EXERCISE DETAILS: Would you please return the data below verbatim, without its pictures?

BEGIN THE DATA

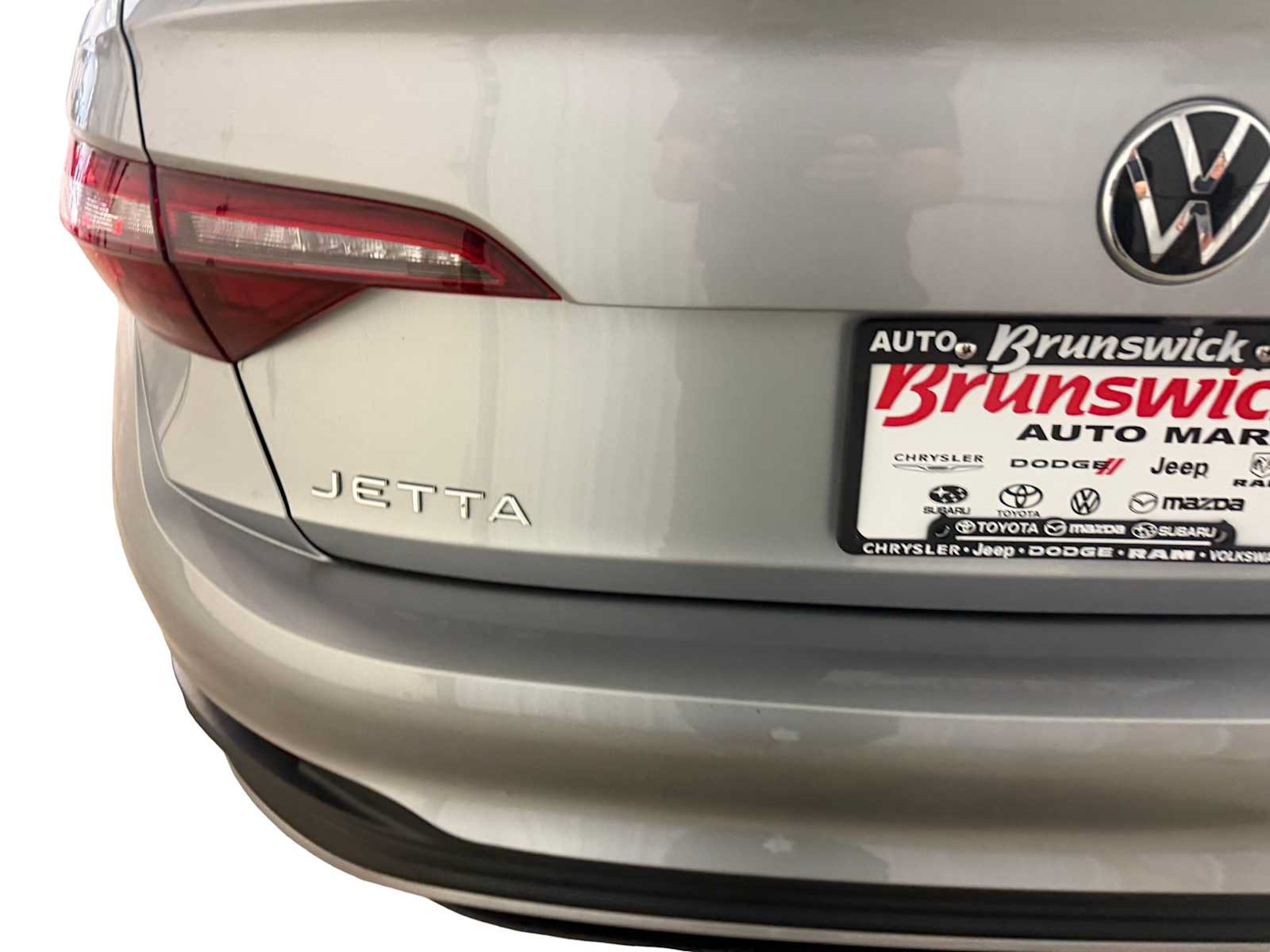 Certified 2023 Volkswagen Jetta S FWD image 8
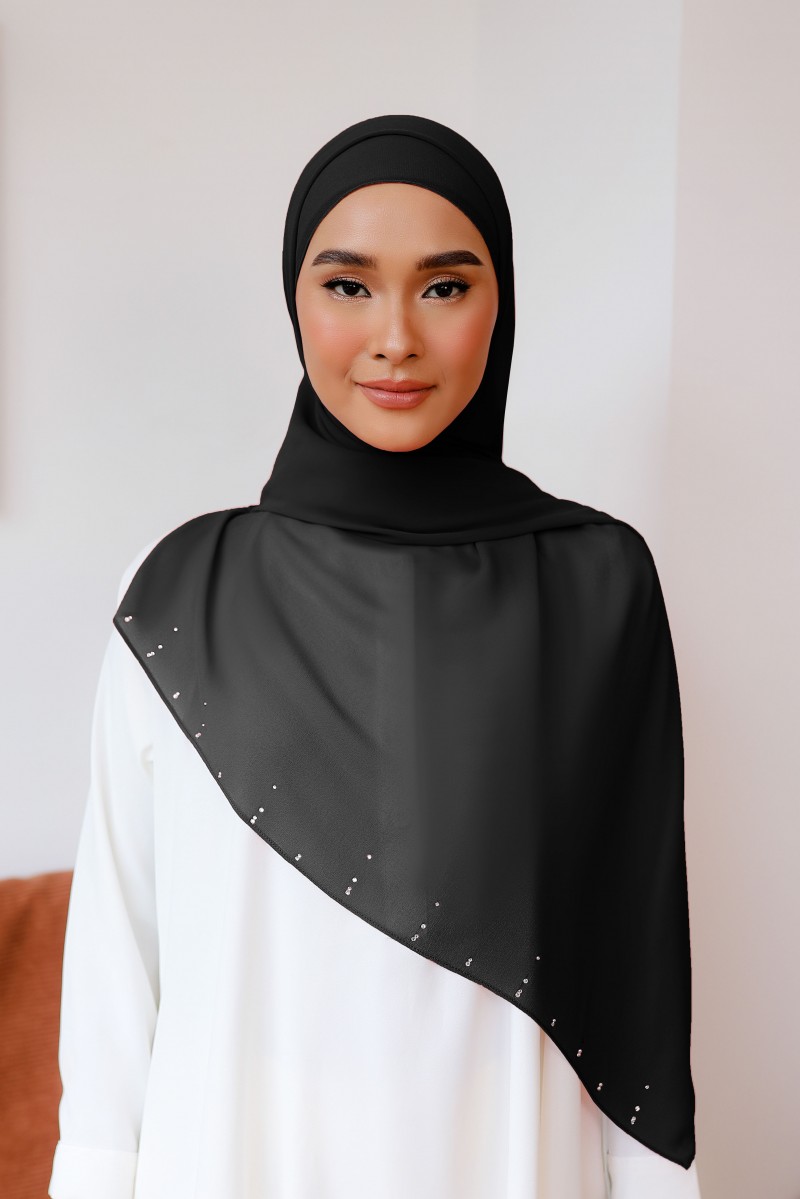 VIDA Diamante Long Shawl in Black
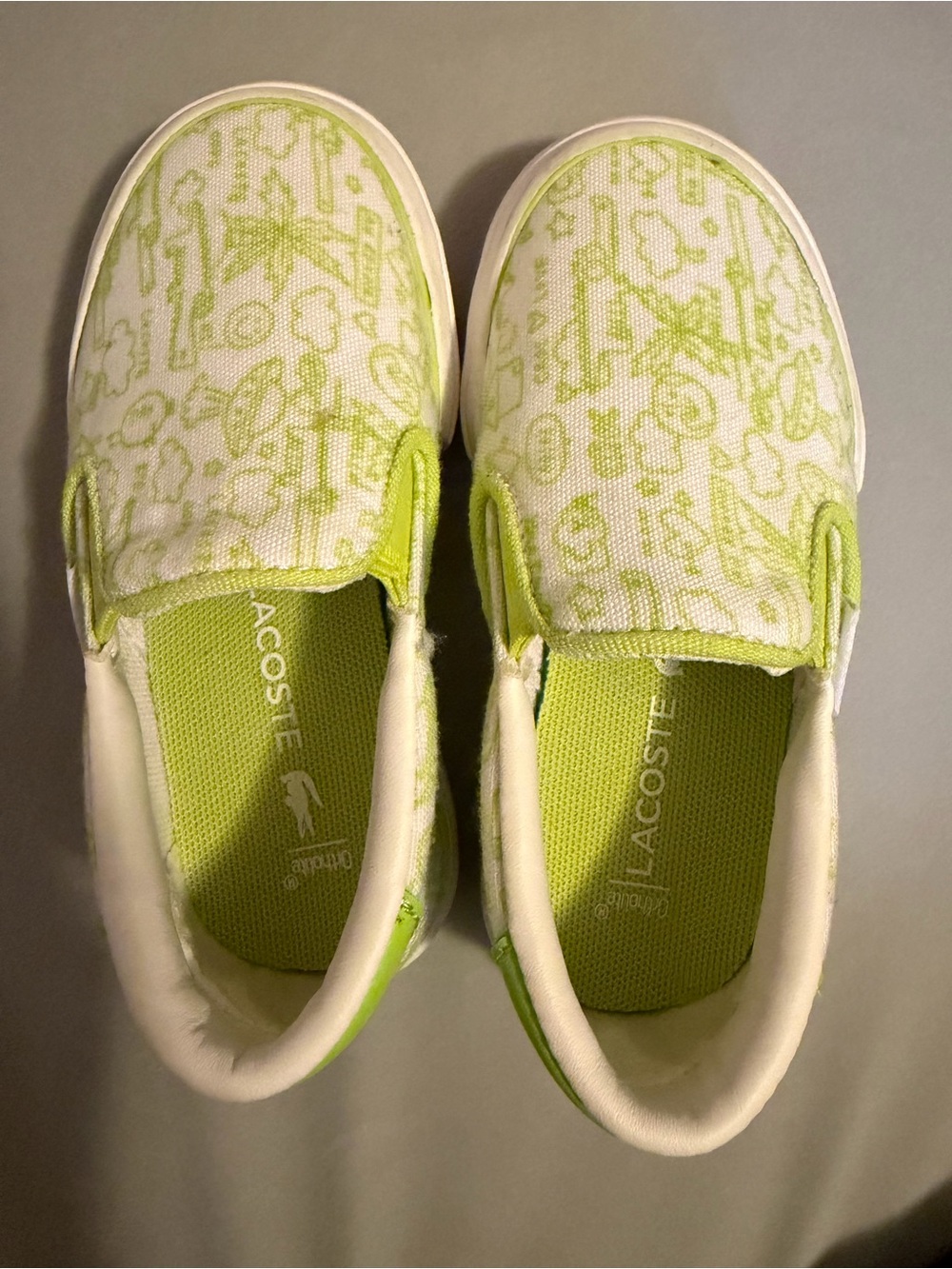 Lacoste Kids Slip-On Sneakers in Lime Green and White size 6 worn one time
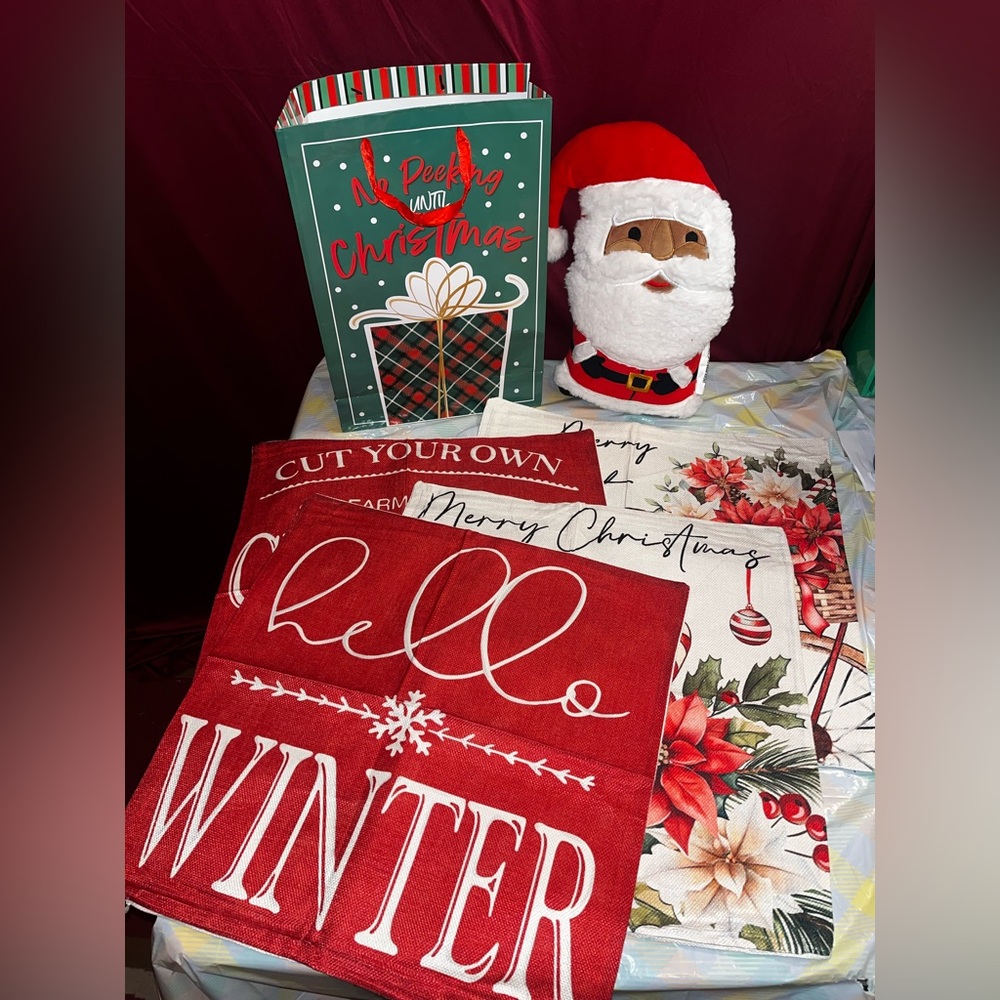 Stuffed Santa Bag 5 Pc bundle NWT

END THE DATA

TASK OUTPUT:
 Certified 2023 Volkswagen Jetta S FWD image 8
 VIDA Diamante Long Shawl in Black
 Lacoste Kids Slip-On Sneakers in Lime Green and White size 6 worn one time
 Stuffed Santa Bag 5 Pc bundle NWT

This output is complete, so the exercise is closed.